I have been asked the same question repeatedly over the last few weeks. In fact, what began as a seemingly innocuous trickle has turned into a deluge of disillusionment and despair. So often now have I fielded this question that the time has come to dissect and reveal its true destructive force on a portfolio.
The offending question is often asked as a rhetorical with a pregnant pause at the end:
“Bret, at the beginning of 2008 my US equity portfolio was valued at X. Now, the value is 1/2 X, so I guess I should just hold on to my positions and wait for them to come back…. I mean they always do, right?”
Sometimes this question is followed by the Tweedle Dumb and Tweedle Dee of investing platitudes: “I can wait because I’m a long term holder”, and, “You haven’t lost money until you sell it”.
If I seem glib, I don’t mean to and if I have offended some I apologise. There is nothing lightweight about this question. In fact, it reveals a serious condition that can be terminal to a portfolio. The condition is called complacency. How has this malignant complacency been allowed to spread through the mind of the suffering portfolio owner? And what must be done to reverse the effects? I will attempt to answer these questions.
I see two main reasons for the complacency:
1) Ego gets in the way of good judgement all the time. The ludicrous apothegm that you have not lost money until you sell was most certainly created by someone trying to coddle his ego. Admitting you were wrong is difficult to do but is almost certainly the first step on the road to redemption.
2) For roughly 50 years the US equity markets behaved in a manner that bred, fostered and encouraged complacency. You see, from the 1950s to 2000, the market averages were higher at the end of each 5 year increment. This phenomenon was even recognized by the education system and eventually universities churned out students who believed in the myth that is called ‘A Random Walk Down Wall Street’. Of course, no one even bothered to point out that the averages were constantly reformulated during the five years with the worst companies being taken out and replaced with stronger ones.
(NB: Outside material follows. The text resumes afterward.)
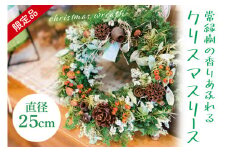 【11月下旬以降発送・数量限定】常緑樹の香りあふれるクリスマスリース（限定品）【インテリア おしゃれ 壁飾り プレゼント お花 ギフト ナチュラル クリスマス リース 水戸市 水戸 茨城県 10000円以内 1万円以内】（KW-3）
Nope, from universities on up to investment professionals the concept of buy-and-hold was preached with the faith that markets always go higher. Well, now the game has changed. The averages were lower in 2004 than in 2000 and will be lower in 2009 than in 2004.
So, let’s reverse the effects of complacency:
Step one: Simply forget about your ego and stop wasting time trying to point fingers. My advice: Don’t look at the level of your assets at the beginning of 2008 and try to come up with a scheme to recover it all tomorrow or bury your head in the sand and hope what you own will recover. Instead, look at the level of your assets today and imagine it is all cash. Ask yourself what would you do today with this cash in this environment to best protect the assets and make them grow. Then execute on this new plan. If you need help with this process I humbly suggest you spend some time on our website. You will find letters we have written to our investors as well as monthly updates on individual positions that may offer some guidance.
Step two: Recognize that the game has changed and the rules are different. After the crash of 1929 it took the averages over 2 1/2 decades to go to new highs and no doubt the complexion of the averages changed during that time. So, holding a portfolio of losers after the crash probably resulted in an even worse outcome. The rules have changed and you must change with them. Find out what areas of the market will perform best in this environment and don’t hesitate to realign your portfolio. Actively manage your assets, don’t be passive anymore.
I will leave you with this image. Conceptualize if you will that you were playing football for the last X amount of years. You knew the rules, you wore pads, you played on turf and wore cleats to help grip said turf. Now all of a sudden you find yourself playing a different game. Let’s say, ice hockey. You will still need pads, but the rules have changed which will take some getting used to. Take your time, be methodical, study. If you run out onto the ice still wearing cleats you will fall all over yourself. This is precisely what most of the best money managers of the last 50 years are doing today: falling all over themselves using tools that worked in the last cycle but can’t possibly work in this one.